Quote:
Originally Posted by Paul C. Anagnostopoulos And indeed, if Mary and I were having a philsophical discussion about love and whether it is logically possible, we would have a tough job ahead of us. Fortunately, we just fell in love and didn't have to analyze it.
So if you just want to fall into free will and accept it on faith, then you certainly don't need to define it.
~~ Paul |
The main point I was trying to make, was that any definition is just in terms of more words, which in turn need defining ..... infinite regress!

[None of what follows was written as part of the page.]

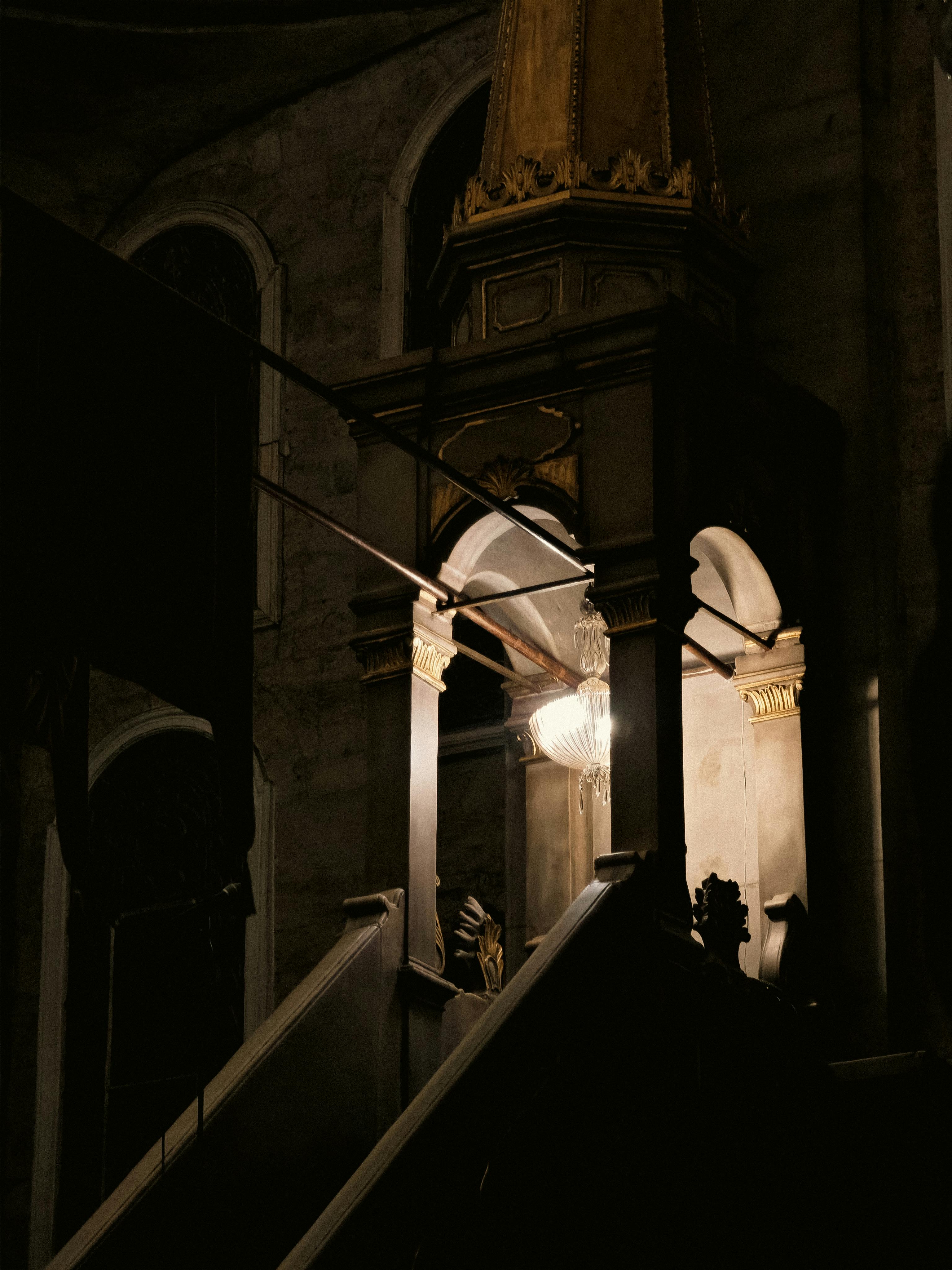 Zadarmo Slabo osvetlený interiér s historickou architektúrou a lustrom. Fotka z fotobanky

Since the only terms that are acceptable to you as base terms (not requiring definition) are intrinsically materialist, any expression like 'free will' always appears to need defining, and defining, and defining, until it has morphed into a subtly different concept that fits with your world view.
Think again of the guy defining 'fire' as the rapid release of an object's spirit. It may have seemed like a good definition, but what good was it?
My aim is not to suppress the disagreement, but to try to prevent it being buried in disagreement about definitions. The question should be whether type A free will (i.e. the thing 99% of people mean by the term) is:
a) An illusion.
b) A reality.
c) Something else.
Instead, we get diverted into the question of its definition! If you really want a definition of Type A free will, it must conform with the 99%, whereas your Type M free will can obviously conform with your ideas! It is clumsy, but it might work. Your disagreement with Ian, is not really about definitions, it is about the nature of reality.